Aldrin made ‘Buzz’ his legal first name in 1988. 

Astro-Poo


Apollo 11 left four defecation collection devices on the moon and some ‘extreme heritage’ conservationists are very concerned about their protection. They worry that the astro-poo, along with the other 170 kilograms of trash left by pioneering astronauts, constitute an archaeological site.

An interesting question arises about the bacteria in the faeces of the first astronauts. Could it still be living?

The Apollo mission certainly took the issue of bacteria in space seriously. The Apollo 11 crew were quarantined for three weeks after their return, just in case they had 'Moon Cooties'.

According to men who've been to the moon, moondust feels like snow, smells like gunpowder, and doesn't taste too bad.

Alan Shepard was the first man to hit a golf ball on the Moon.

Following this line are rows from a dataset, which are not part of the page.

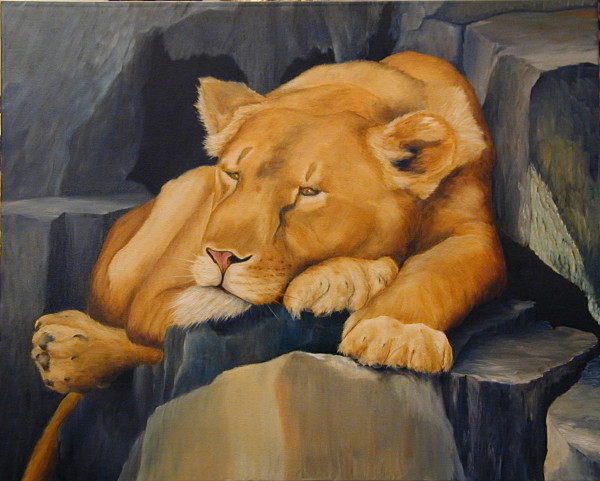 Lioness on the Rocks by Randy Robinson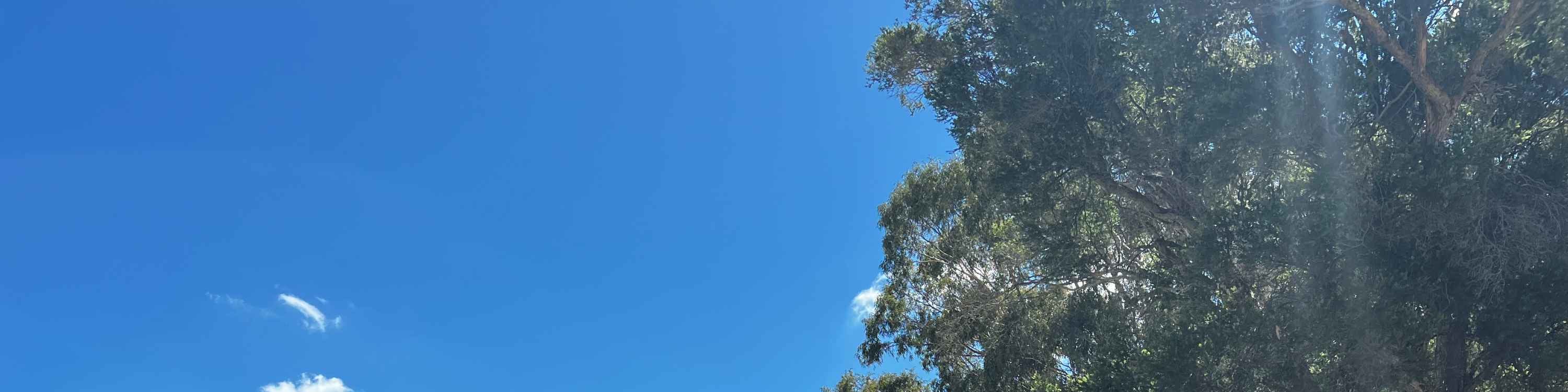 獵人谷（Hunter Valley）美酒、巧克力品嚐和午餐全包遊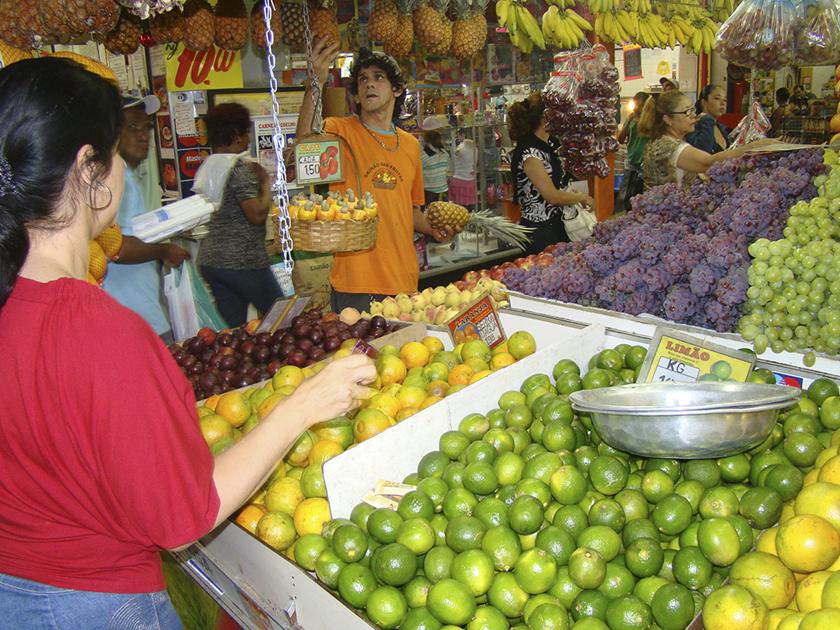 Epamig disponibiliza circular técnica sobre influência de fatores ambientais em doenças de plantas 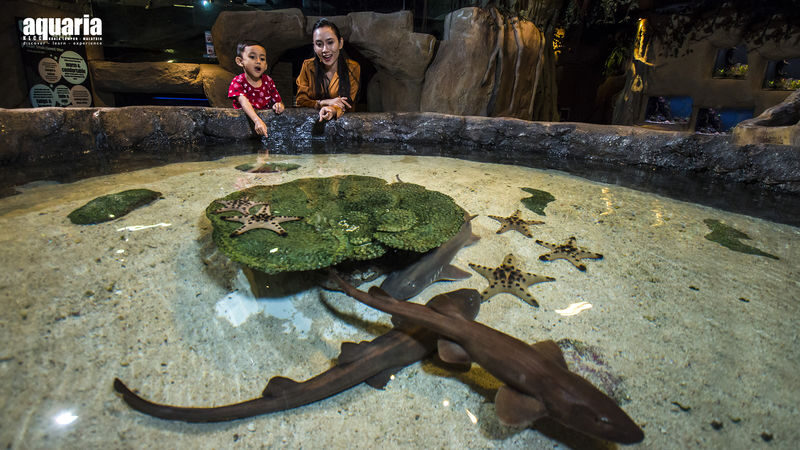 Aquaria KLCC Ticket - Check Feeding Times Before Arriving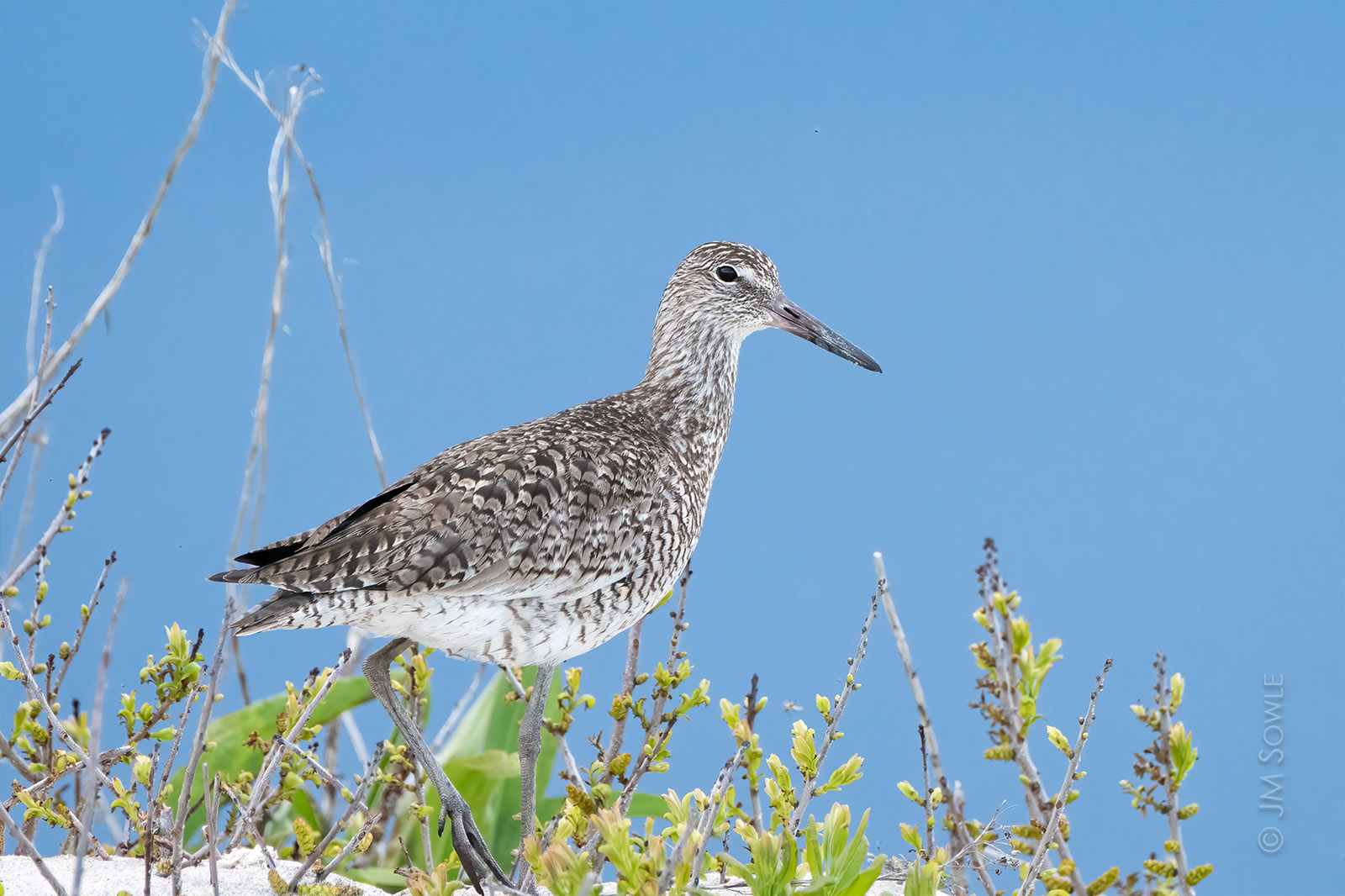 _JMS1465_1600.jpg - Willet on a sand dune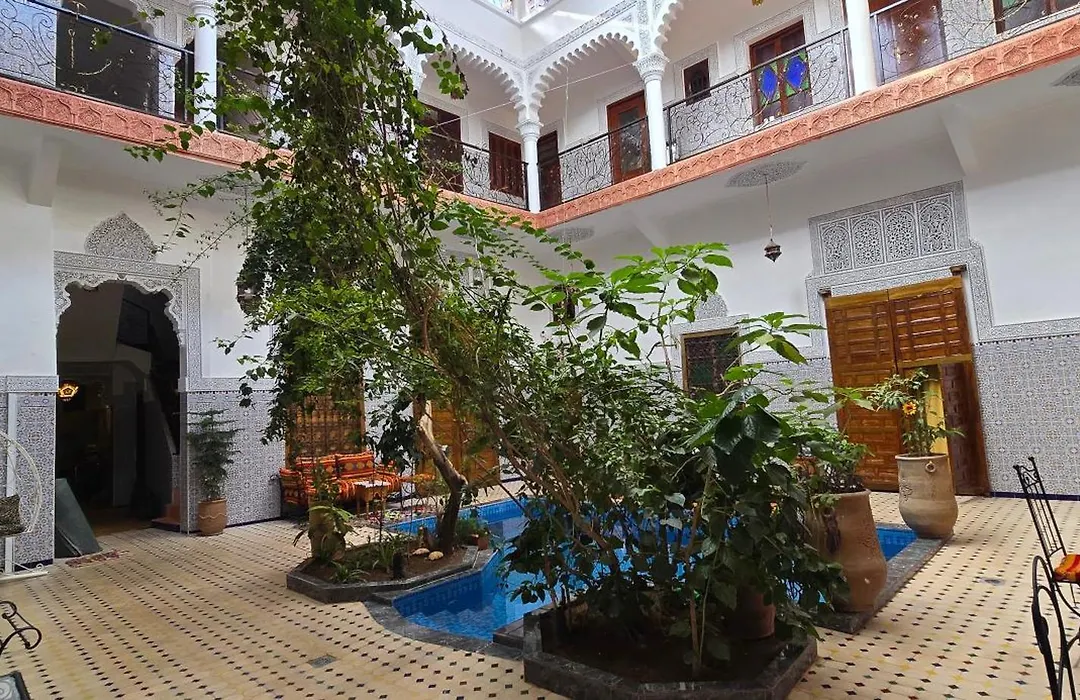 Riad Raffaa-1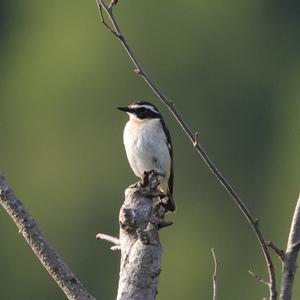 Braunkehlchen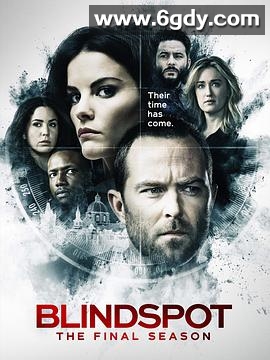 盲点 第五季(2020)完结11集全迅雷网盘全集下载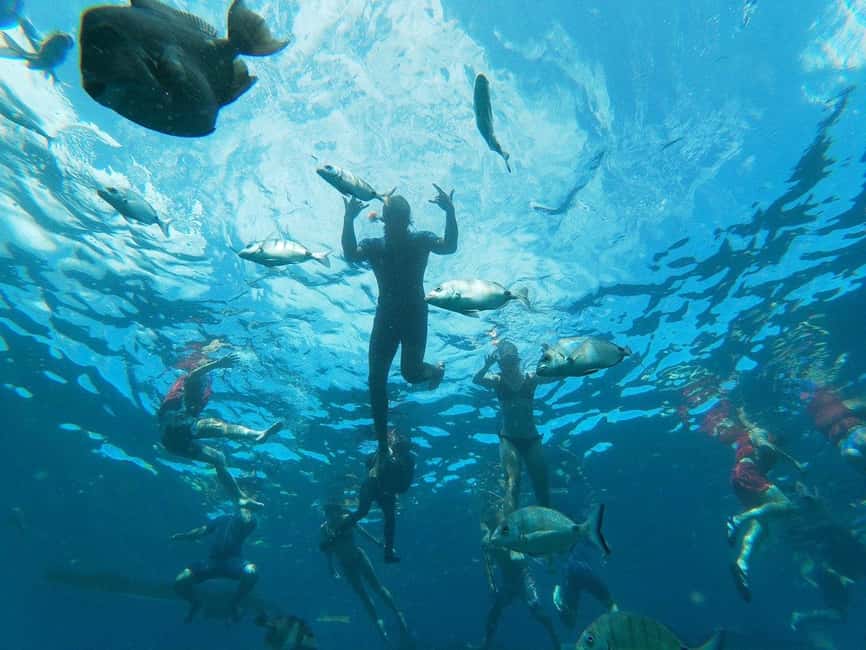 Tenerife: Kayak & Snorkeling, Marine Fauna Watching - Quiet stops for turtles, dolphins, and fish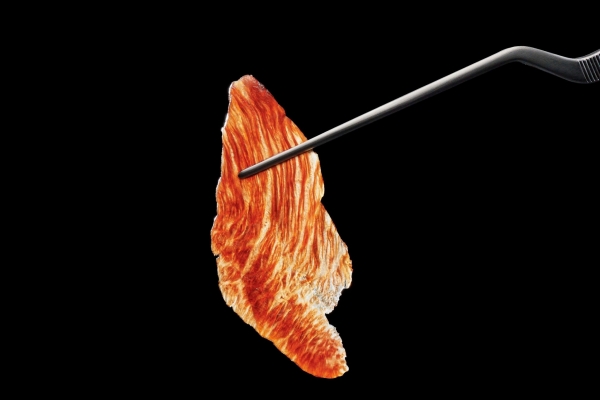 スケジャーキー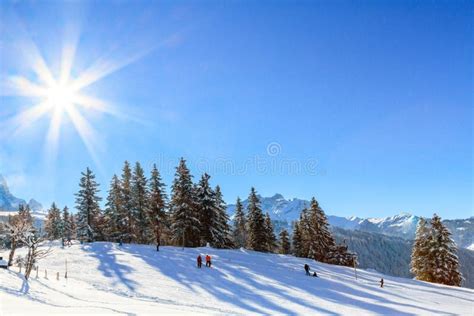 Landscape in Switzerland stock photo. Image of landscape - 100860438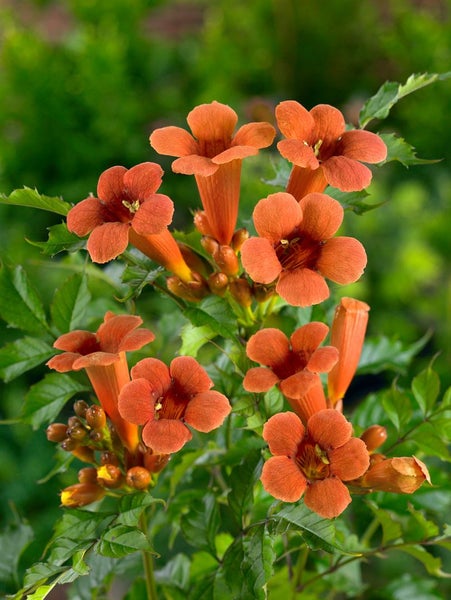 Campsis radicans 'Flamenco', Trompetenblume, leuchtend rot, 60–100 cm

The first thing that Buzz Aldrin did on the moon was kick the dust; the second thing he did was pee.

Apollo Astronauts couldn’t get life insurance. They made their own by autographing cards to be sold by their families if they didn’t return.

Only 1 scientist has ever walked on the moon, he was a geologist called Harrison Schmitt and he was on the last mission.